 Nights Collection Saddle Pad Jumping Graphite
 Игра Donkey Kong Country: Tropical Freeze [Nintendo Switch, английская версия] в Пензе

◆ ◆ ◆

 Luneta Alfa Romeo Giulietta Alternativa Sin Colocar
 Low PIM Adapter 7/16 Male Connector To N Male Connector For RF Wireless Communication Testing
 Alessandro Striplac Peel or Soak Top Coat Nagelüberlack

◆ ◆ ◆

# [Your goal]
Scan the listing above for the line that has "Nights Collection Saddle", then copy exactly from that line through the line that has "Игра Donkey Kong".

# [Written answer]
 Nights Collection Saddle Pad Jumping Graphite
 Игра Donkey Kong Country: Tropical Freeze [Nintendo Switch, английская версия] в Пензе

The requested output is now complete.